Sunday, August 2, 2009

I'll Admit It.

If it’s time for me to start being brutally (and I mean, brutally) honest with myself, then honesty comes with a continental lemon, salt and a lofty price. The kind of price higher than any Anthropologie label hand-sewn dress all patch-worked together somewhere in the back of the store under the piano music and above the Indian floor cushions. The kind of price that today made me stare into the beautiful displays of clean white paper and plastic sculptured into a pristine, indoor, oil-heated winter and want only to lay in the display of fake snowballs and never get up again. I did lay in it. I laid in it and wondered why they would put out winter-related displays in August. I laid in it for what felt like hours, which in truth was about the time it took for my mother to purchase an overpriced sweater and the clothing store-bouncer to ask me what did I think I was doing, crushing someone’s artwork? My Mom pulled me up and rolled her eyes at me, motioning for me to follow her out the door. We walked out onto West Broadway and she told me I was being a dumbass. People take internships to create displays like that. I told her it sounds like they’re the dumbass for paying money to play with paper, then thought better because really, that’s what we’re all doing. Also it's Summer, I told her, it's their fault for having the wrong season indoors. You need to go visit your friends or something, she told me.

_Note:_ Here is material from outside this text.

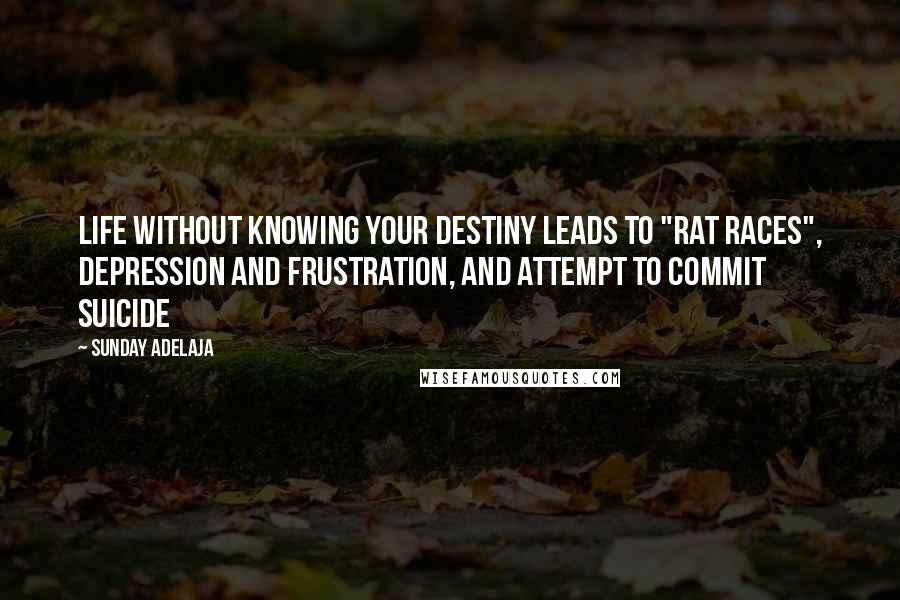 Sunday Adelaja Quotes: Life without knowing your destiny leads to "rat races", depression and frustration, and attempt to commit suicide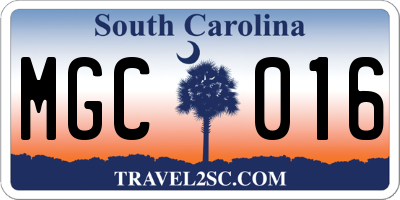 SC license plate MGC016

Get out and have fun: I’m sick of you just going places and…laying on things. I texted Ana that night and she told me she was planning on visiting a friend in South Jersey; maybe it would be good for me to get out.

Saturday, July 25, 2009

Friday, July 24, 2009

He Has Something In Common With Computers:

I cut, and then pasted these words into this box. In regards to my him and my life, he did these things backward.

Tuesday, July 21, 2009

Blog Things?

I was asked, once, by my roommate why anyone would want a Facebook account, a Twitter or a Blog. I told her everyone wants to know everything about each other, plain and simple. She told me that wasn’t true, not everyone wants to know everything about another person. Especially if they like the person. I thought of the social world outside of computers and realized she was right. I tried to reason with myself and figure a better answer to tell her, that well, maybe everyone just wanted to be able to keep tabs on each other, check up on each other. But even then, the pool of reasoning seemed shallow. I doubted emotions had much to do with anything. Thinking about it now, I wonder if it is less about us each wanting to grab hold of each other’s information and more about us each individually trying to reach out to one another.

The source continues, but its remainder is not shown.